Monday, 27 April 2009

Noah Beil- Mountain As Monument


The intense bombing of World War II left the streets of many European cities clogged with the remains of demolished masonry buildings. In Berlin alone, over 45 million cubic meters of debris were cleared during post-war rebuilding efforts. After intact bricks were recovered for reuse, with much of the manual labor performed by women, waste materials were transported to distributed collection locations and piled into hills known in German as Schuttberg or Trümmerberg. Today, these debris hills in Berlin are difficult to distinguish from naturally occurring features as they have been landscaped into parks with manicured grass and densely vegetated sections.

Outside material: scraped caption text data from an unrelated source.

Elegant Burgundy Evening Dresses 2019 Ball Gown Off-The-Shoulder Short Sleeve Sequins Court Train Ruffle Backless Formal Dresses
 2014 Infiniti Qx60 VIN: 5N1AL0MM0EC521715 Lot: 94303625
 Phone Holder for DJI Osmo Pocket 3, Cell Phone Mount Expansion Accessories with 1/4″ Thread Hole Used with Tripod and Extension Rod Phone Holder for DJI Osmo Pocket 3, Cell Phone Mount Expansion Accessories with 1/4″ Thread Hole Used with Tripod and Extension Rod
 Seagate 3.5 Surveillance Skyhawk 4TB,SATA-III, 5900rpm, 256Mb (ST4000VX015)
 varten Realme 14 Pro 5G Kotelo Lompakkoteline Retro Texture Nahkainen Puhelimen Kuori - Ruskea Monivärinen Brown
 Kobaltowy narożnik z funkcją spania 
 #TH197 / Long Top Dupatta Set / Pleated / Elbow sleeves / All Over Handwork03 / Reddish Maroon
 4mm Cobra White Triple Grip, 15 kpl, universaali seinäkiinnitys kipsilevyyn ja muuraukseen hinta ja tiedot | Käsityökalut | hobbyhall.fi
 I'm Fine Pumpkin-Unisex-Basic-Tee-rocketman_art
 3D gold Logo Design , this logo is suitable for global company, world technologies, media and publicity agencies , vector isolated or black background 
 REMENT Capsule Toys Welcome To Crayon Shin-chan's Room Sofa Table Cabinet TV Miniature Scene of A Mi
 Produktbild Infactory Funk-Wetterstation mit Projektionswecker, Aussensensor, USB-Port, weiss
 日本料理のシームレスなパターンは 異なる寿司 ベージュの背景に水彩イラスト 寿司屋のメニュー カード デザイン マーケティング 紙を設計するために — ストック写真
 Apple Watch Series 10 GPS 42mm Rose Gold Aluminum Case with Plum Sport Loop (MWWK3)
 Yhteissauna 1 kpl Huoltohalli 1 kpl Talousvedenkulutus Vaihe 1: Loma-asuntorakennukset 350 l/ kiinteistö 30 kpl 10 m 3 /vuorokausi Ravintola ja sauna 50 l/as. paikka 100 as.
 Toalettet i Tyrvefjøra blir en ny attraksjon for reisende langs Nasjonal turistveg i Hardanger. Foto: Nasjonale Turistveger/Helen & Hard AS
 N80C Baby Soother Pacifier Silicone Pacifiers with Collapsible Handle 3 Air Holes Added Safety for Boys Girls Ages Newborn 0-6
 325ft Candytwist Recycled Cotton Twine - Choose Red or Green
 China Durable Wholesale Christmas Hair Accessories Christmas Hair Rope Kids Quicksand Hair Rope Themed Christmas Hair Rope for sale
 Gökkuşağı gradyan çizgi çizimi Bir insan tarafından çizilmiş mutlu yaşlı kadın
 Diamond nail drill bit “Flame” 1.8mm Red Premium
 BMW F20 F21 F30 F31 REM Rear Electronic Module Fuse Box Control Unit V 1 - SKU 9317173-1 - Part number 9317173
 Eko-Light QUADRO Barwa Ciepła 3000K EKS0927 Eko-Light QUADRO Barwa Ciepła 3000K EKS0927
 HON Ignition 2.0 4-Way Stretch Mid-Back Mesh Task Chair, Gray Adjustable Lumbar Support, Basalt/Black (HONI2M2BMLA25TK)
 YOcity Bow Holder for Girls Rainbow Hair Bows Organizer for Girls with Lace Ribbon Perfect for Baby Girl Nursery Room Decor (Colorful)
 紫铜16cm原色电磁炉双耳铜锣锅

They provide an opportunity to study mankind’s reshaping and repurposing of the landscape, as well as the effects of natural reclamation on anthropogenic terrain alterations.

Noah was born in Spokane, Washington, and has lived in Pennsylvania, Upstate New York, and Rhode Island. He received a BA from Brown University and is currently based in Oakland, CA. His landscape and architectural photography explores mankind's interaction with the earth's surface. Utilizing geographic information systems, satellite imagery, and GPS technology, he examines intentional and accidental alterations of the landscape, explores spatial relationships between landforms, vegetation, and structures, and compares natural and artificial landscape features.